In Pictures: Walter Benjamin’s Little History of Photography
From the IMJ Collection
- August 9 2023 - March 5 2024
- Curator: Gilad Reich
- Designer: Libat Eden
- Billy Rose Pavilion
Perhaps more than any other text, Little History of Photography by the German-Jewish thinker Walter Benjamin (1892–1940) has shaped the way in which we understand early photography and the photographic act. One of the first theoretical studies of visual culture, this text laid the foundation for modern cultural criticism. Instead of regarding the artwork as a unique object, Benjamin emphasized the political and artistic potential of a new technology based on endless reproduction. In this text he introduced key concepts which were later developed in his most influential essay, “The Work of Art in the Age of Mechanical Reproducibility” (1935).
Benjamin’s insights arose from his examination of albums and books about photography that came out in the 1920s and early 1930s. In September–October 1931 he published three short essays in a German literary journal, under the same title he would use when they appeared in book form: Kleine Geschichte der Photographie – Little History of Photography. The text was accompanied by a few images, which he had only seen as printed reproductions.

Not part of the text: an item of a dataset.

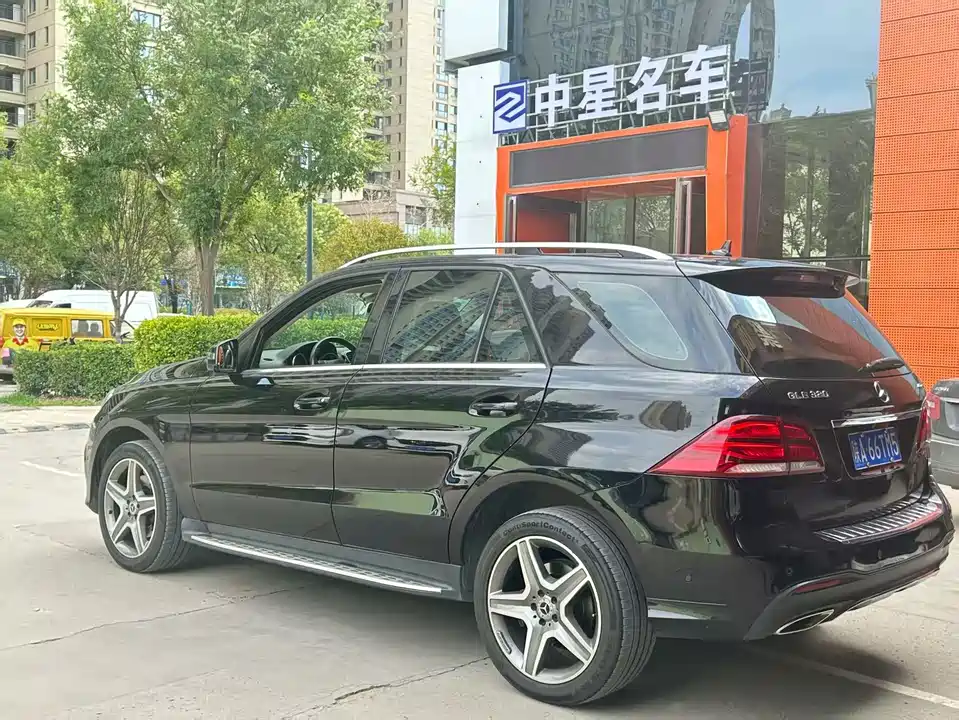 Mercedes-Benz GLE Mercedes-Benz GLE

The Israel Museum is fortunate that in its rich holdings of 19th- and early 20th-century photography, every practitioner mentioned by Benjamin is represented. Bringing together works and seminal books by all of them, this exhibition offers a unique opportunity to immerse ourselves in Benjamin’s visual sources along with his ideas. Here we can see objects that are fully original – although he himself, thinking of the camera’s implications, wrote about an “age of reproducibility.”